Analysis of heat-up, devolatilization, and ignition of coal particles using point-particle DNS

It is acknowledged that pulverized coal combustion (PCC) will remain a major source of electrical energy, due to a growing energy demand and coal being abundant and cheap. To reduce CO2 emissions, retrofitting coal power plants with oxy-fuel combustion technology is a viable option. Burning coal in O2-rich conditions leads, however, to temperatures that exceed burner limits. For mitigation, a part of the exhaust stream is re-injected into the burner. This changes the burning conditions significantly, which necessitates investigations of O2-/CO2-rich combustion in oxy-coal burners.

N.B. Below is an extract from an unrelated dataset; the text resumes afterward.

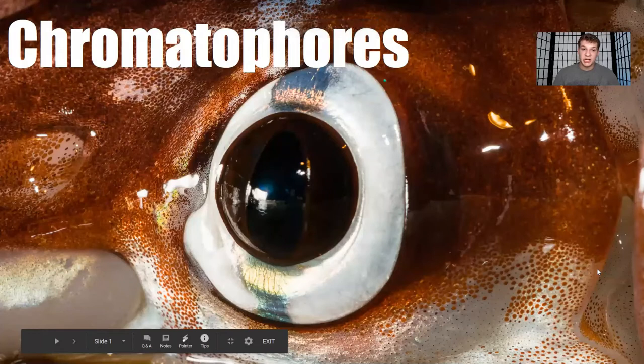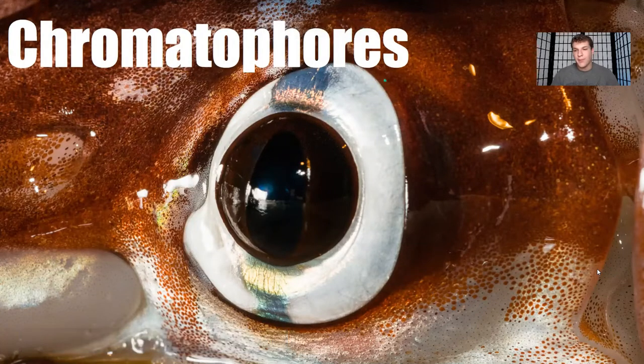Before we get into this video, please like this video — let's try and get eight likes. Hit that subscribe button and the notification button for future videos. And let's get right to it, ladies and gentlemen: the magnificent and marvelous chromatophores.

We present an examination of coal particles that cluster in reactive turbulence using point-particle DNS. Mimicking typical burning conditions, the mass loadings are about 0.1, Stokes numbers are about 1, and the Taylor-scale Reynolds number is about 50. In a precursor simulation, particles are randomly seeded in a turbulent base flow to obtain statistically homogeneous and isotropic initial conditions. The particles are heated up by the hot gases and devolatilize, followed by volatile combustion in the gas phase. Simulation results are assessed in terms of instantaneous contour plots, spatially averaged statistics, and joint probability distributions of relevant combustion quantities.